The handy zip() function lets you iterate over two (or more) sequences simultaneously.

For example, let's use zip() to zip together two lists, and iterate over the result:

>>> l = [2, 4, 6, 8, 10]
>>> m = [20, 40, 60, 80, 100]
>>> for p in zip(l, m):
...     print(p)
(2, 20)
(4, 40)
(6, 60)
(8, 80)
(10, 100)

Notice that on iteration we receive a pair of values, one from each of the lists that we zipped. (Think of a zipper on a jacket that pulls together two edges as it moves upward.)

Also, recall that in a 'for' loop in Python we may use pattern matching to match multiple variables on each iteration. So we may write, for instance:

>>> for x, y in zip(l, m):
...     print(f'x = {x}, y = {y}')
x = 2, y = 20
x = 4, y = 40
x = 6, y = 60
x = 8, y = 80
x = 10, y = 100

Now we are iterating over two lists, matching x to items from the first list and y to items from the second.

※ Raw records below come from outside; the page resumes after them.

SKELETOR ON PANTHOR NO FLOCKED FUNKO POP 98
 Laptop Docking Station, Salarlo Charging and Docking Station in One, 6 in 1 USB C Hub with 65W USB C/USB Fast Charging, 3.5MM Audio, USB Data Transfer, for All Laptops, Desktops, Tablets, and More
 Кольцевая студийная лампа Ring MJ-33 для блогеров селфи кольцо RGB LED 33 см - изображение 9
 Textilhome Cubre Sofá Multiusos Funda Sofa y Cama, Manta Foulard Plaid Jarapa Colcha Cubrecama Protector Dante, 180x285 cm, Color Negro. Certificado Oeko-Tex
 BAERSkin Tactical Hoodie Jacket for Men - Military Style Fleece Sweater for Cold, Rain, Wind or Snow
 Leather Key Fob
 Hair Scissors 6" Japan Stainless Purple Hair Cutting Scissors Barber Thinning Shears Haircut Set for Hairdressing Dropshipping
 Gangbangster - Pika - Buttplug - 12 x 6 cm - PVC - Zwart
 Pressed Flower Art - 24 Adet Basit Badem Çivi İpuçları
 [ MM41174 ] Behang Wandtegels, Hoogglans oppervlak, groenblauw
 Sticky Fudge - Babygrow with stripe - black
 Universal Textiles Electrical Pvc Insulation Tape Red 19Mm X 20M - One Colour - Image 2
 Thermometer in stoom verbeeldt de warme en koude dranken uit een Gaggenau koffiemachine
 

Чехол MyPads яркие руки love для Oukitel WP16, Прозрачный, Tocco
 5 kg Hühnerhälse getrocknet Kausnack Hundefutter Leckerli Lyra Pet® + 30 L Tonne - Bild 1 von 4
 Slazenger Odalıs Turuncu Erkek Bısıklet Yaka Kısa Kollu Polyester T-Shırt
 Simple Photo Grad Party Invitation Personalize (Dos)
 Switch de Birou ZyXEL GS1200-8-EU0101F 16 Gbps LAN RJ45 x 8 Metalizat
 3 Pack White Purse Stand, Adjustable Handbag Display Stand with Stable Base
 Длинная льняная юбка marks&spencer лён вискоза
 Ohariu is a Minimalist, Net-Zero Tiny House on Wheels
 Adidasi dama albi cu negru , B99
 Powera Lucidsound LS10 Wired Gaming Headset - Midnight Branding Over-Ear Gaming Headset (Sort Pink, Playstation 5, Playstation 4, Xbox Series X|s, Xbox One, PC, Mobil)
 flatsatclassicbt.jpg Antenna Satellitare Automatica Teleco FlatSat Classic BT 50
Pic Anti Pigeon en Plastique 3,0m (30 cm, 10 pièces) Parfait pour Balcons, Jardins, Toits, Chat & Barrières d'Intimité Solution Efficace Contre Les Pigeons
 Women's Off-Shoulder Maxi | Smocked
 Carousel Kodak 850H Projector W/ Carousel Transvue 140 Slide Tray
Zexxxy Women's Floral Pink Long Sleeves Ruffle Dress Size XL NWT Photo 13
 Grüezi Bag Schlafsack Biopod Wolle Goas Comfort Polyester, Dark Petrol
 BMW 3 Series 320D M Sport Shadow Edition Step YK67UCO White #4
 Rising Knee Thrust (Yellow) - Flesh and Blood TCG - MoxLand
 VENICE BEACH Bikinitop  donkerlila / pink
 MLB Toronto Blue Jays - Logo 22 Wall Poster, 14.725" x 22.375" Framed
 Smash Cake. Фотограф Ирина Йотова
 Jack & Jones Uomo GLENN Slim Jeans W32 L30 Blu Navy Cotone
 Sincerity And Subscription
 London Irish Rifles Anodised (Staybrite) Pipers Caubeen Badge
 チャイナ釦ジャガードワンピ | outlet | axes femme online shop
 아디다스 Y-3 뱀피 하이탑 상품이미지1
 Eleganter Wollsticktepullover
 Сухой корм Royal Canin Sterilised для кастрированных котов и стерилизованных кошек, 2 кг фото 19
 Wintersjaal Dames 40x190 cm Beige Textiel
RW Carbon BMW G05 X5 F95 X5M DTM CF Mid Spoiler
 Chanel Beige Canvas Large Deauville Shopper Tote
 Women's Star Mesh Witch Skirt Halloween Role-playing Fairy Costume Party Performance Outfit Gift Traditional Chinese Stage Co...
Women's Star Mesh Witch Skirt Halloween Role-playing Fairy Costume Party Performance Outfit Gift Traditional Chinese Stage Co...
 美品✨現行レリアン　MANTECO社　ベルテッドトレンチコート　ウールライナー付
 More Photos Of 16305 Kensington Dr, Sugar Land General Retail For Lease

Note that zip() wil stop as soon as it reaches the end of any list:

>>> l = [2, 4, 6]
>>> m = [20, 40, 60, 80, 100]
>>> list(zip(l, m))
[(2, 20), (4, 40), (6, 60)]

We can use zip() to simplify some loops. For example, consider the method for adding two Vector objects that we saw above:

# add self and another vector w, and return the vector sum
def __add__(self, w):
    assert len(self.a) == len(w.a)

    sum = []
    for i in range(len(self.a)):
        sum.append(self.a[i] + w.a[i])

    return Vector(*sum)

Instead of iterating over indices, let's use zip():

def __add__(self, w):
    assert len(self.a) == len(w.a)

    sum = []
        
    for x, y in zip(self.a, w.a):
        sum.append(x + y)

    return Vector(*sum)

We may shorten the code even more by using zip() together with a list comprehension:

def __add__(self, w):
    assert len(self.a) == len(w.a)

    sum = [x + y for x, y in zip(self.a, w.a)]

    return Vector(*sum)